Форсунов сперва вынул кисет и, положив повод на луку седла, обеими руками принялся крутить.
– Рига тю-тю, и Петроград – поминай как звали!
– Да что ты? – побелел и опустился в седле старшина. – Чье же это дело?
– Белый, говорят, с англичанином. Наши от Риги побежали, да прямо в Петроград, а он за ними на аэропланах да на миноносцах, а командиры, которые из офицеров, с ими. И уже, говорят, Путиловский горит.
Старшина обернулся – не слушает ли кто, и спросил недоверчиво:
– А может, тебе кто прокламацию считал?
– В штабе, со станции приехали. Хотели на Псков железной дорогой, а их завернули. Нет на Псков движения. Поезда обратно на Россию идут. Вот тебе и прокламация! – обидчиво закончил Форсунов. Источники у него были самые первые.

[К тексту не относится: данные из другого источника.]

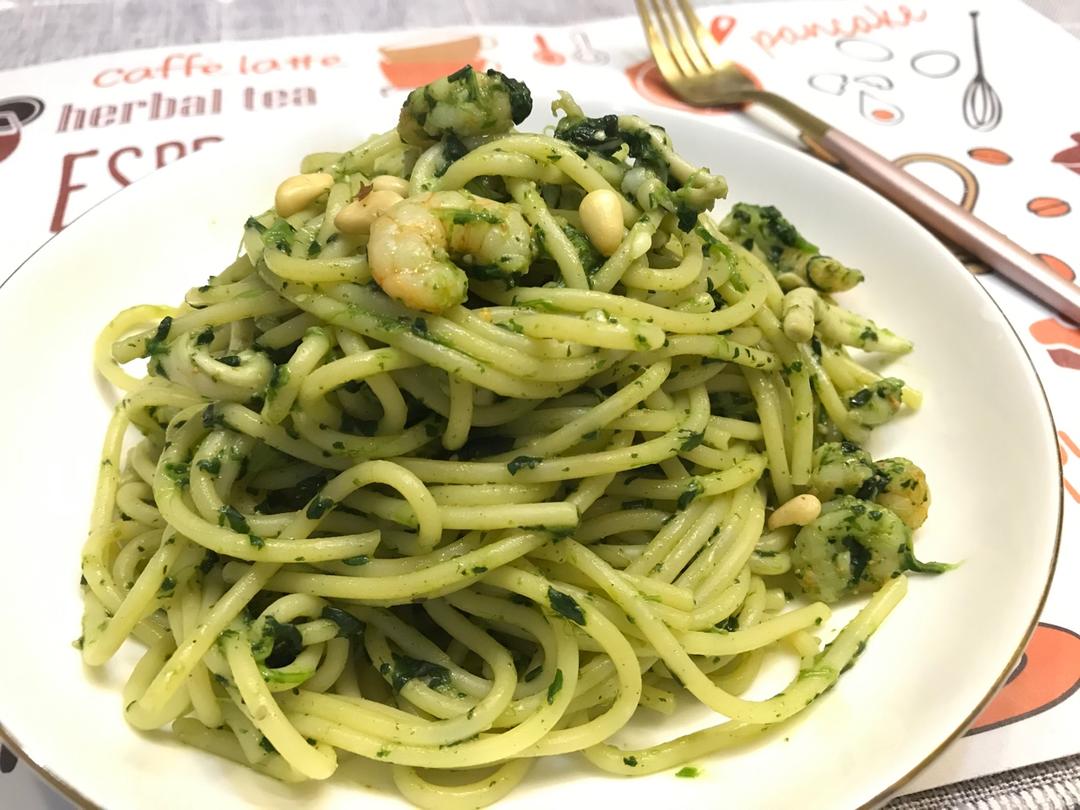 打耳光都不放的绿色意大利面(青酱意面)----菠菜罗勒松子拌意面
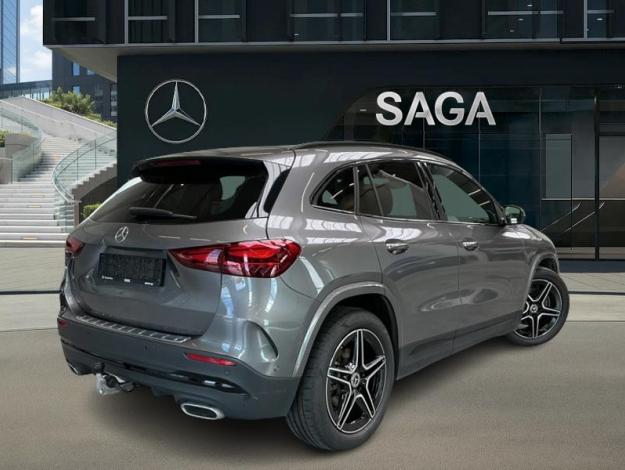 MERCEDES-BENZ GLA-Klasse GLA 180 Off-Roader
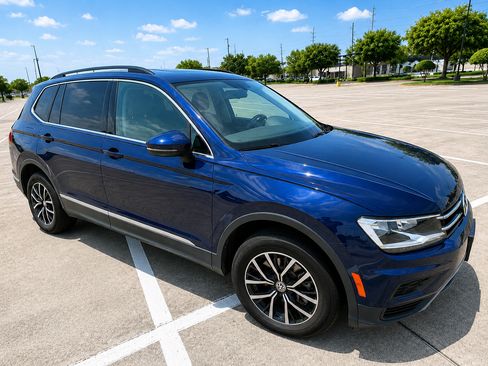 Used 2021 Volkswagen Tiguan SE FWD image 2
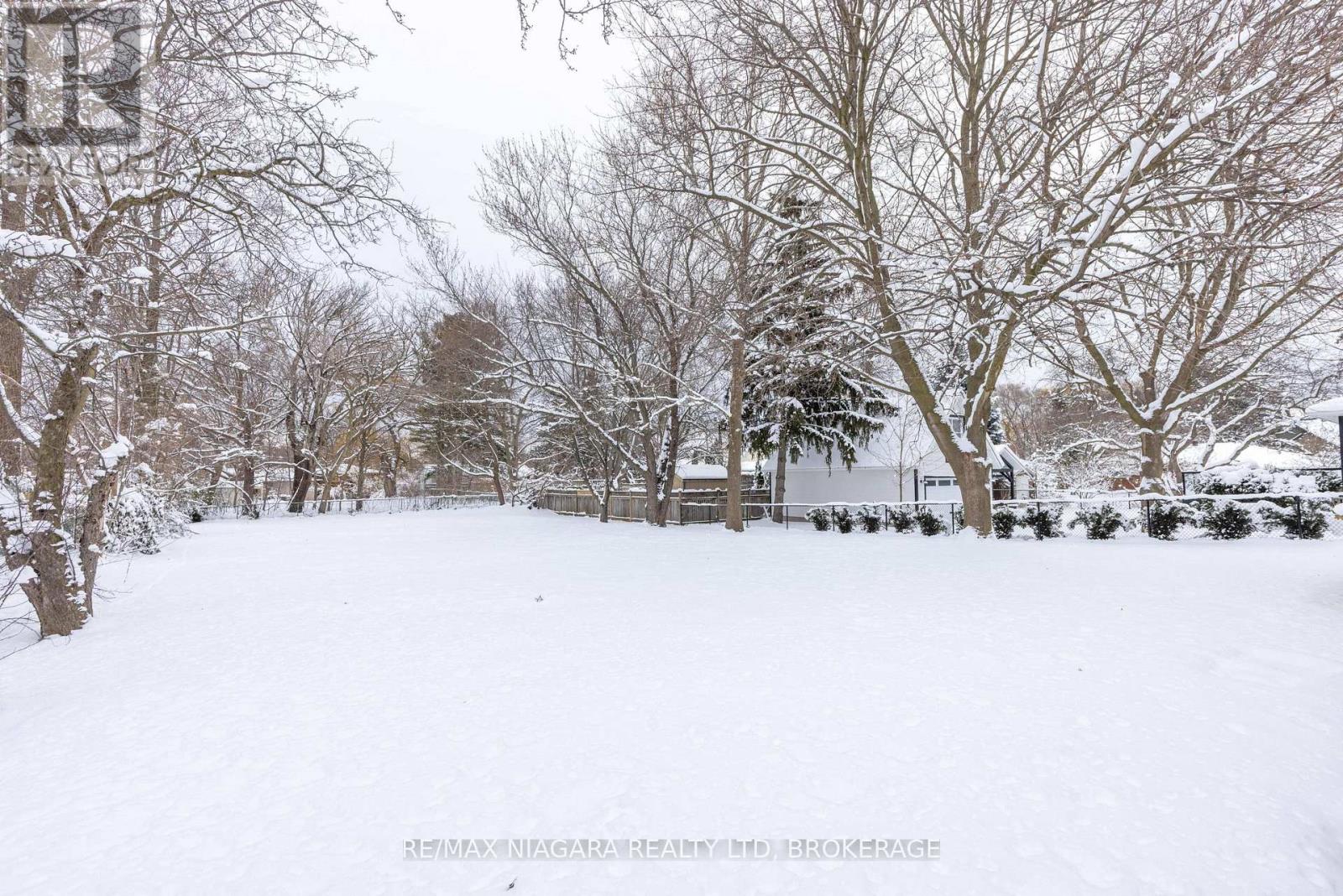 315 Butler Street, Niagara-On-The-Lake, Ontario  L0S 1J0 - Photo 2 - X12694850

– Ты, парень, все же прикуси язык, – посоветовал старшина и немедленно на ухо сообщил все это Игнату Короткову.
Игнат велел Сереге сложить все вещи в мешок и переобуть домашние, крепкие сапоги. Потом он сел за кустом, будто по нужде, и вышел на дорогу, когда во главе второй батареи показался Воробьев.
– Ну, ваше благородие, дошли мы, кажись, до ручки…
Воробьев пересел в седле на бок и постарался отъехать от разведчиков.
– А что такое, Игнат Степанович?
– Говорят, Путиловский горит и наши побежали из Риги прямо в Петроград, а англичане на аэропланах за ними…
– Чепуха какая! Кто вам наболтал, Игнат Степанович? Как это из Риги в Петроград?
– Люди со станции вернулись. На Псков движения нет, – обидчиво заметил Коротков.
– Ну, это другое дело. Псков могли занять эстонцы. Но откуда же могли взяться англичане?
– Да уж кто там кого, не знаю. А только, видно, комиссарам будет крышка.
Он вытер усы и посмотрел на командира. Но лицо Воробьева не выдало внезапно забурлившей радости.
– Не знаю, Игнат Степанович, не знаю, но если что случилось – узнаем.
– Ну, а ежели нас с этого болота и не выпустят? Энто ведь как Осовец-крепость – поставил пулемет, и ни входа, ни выхода.
Воробьев, закуривая, задержал лошадь. Так можно было не отвечать Короткову. Разведчики балагурили, но в то же время внимательно слушали, о чем беседует командир с бывшим каптенармусом.